I want to expand the discussion of alternative names because in our society you can have an alternative identity that is not accompanied by a name change. We think we know what people are really about, but maybe the teacher really lives for her garden or the guy who works at the local convenience store is a really talented artist and they both have chosen to not particularly publicize their passion for any number of reasons. These passions might be who they are at a deepest level, far more than their social identities in terms of work or family
Do you have an alternative name?

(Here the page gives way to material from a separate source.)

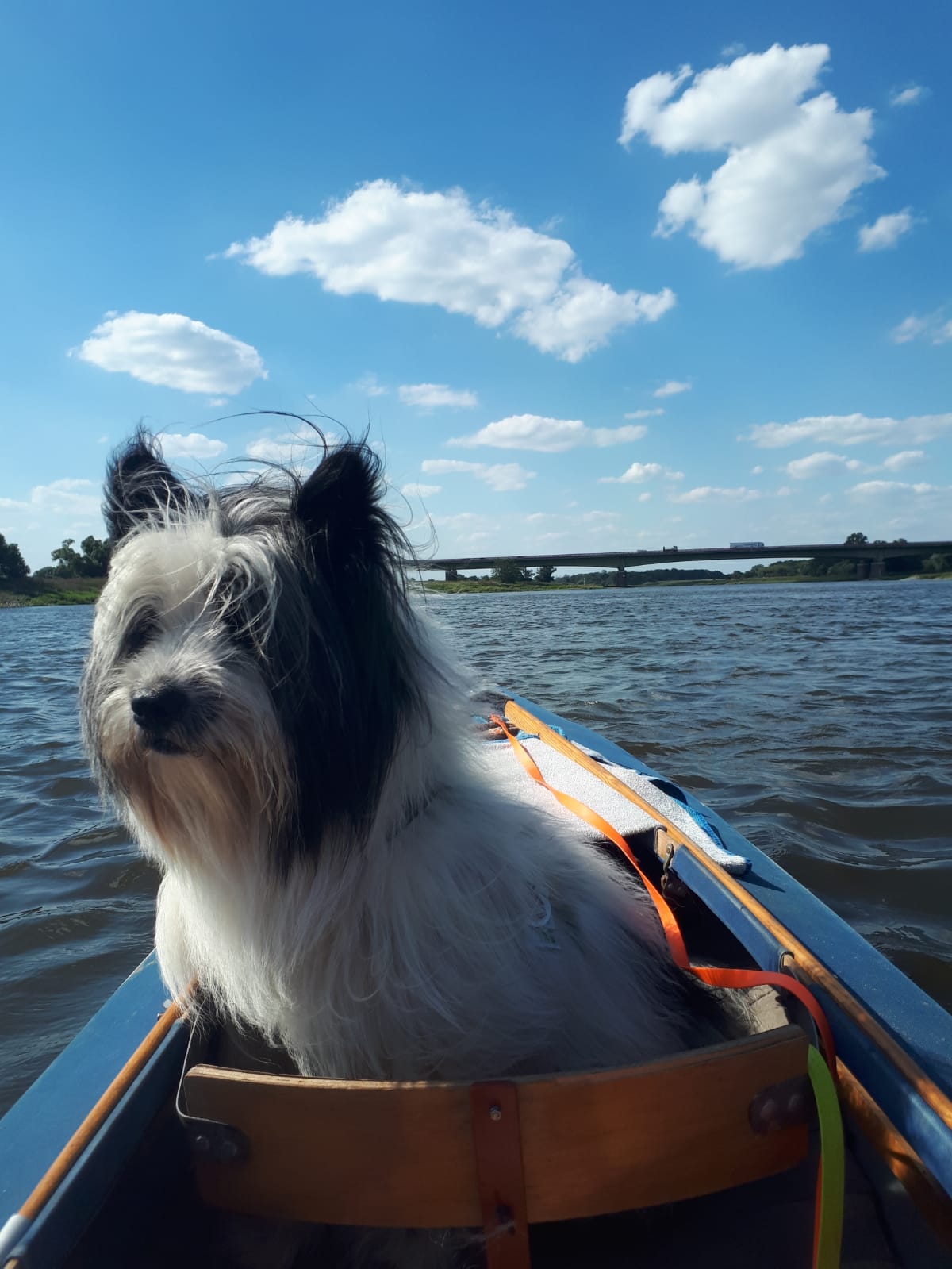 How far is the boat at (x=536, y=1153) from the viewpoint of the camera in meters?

Did you take it yourself, or was it, in some sense, given to you? How significant is the alternative name to you? Do you have a passion that reflects your true self? If you were to give it a name, what would it be?
QUESTIONS
How can trees be teachers for us? Do you believe that trees have souls? What are the implications of believing that they do and what are the implications of believing that they do not? If you’ve ever engaged in a conversation with a tree or a grove, what did you learn?
Have you ever been to a place where you felt sacred power? What lessons, if any did you learn?
Have you ever had any experience with trance? Was there anything revealed to you in your trance? How was that revelation “caught” by someone—that is, did you relay your experience and what was their reaction?
Do you have an alternative name? Did you take it yourself, or was it, in some sense, given to you? How significant is the alternative name to you? Do you have a passion that reflects your true self? If you were to give it a name, what would it be?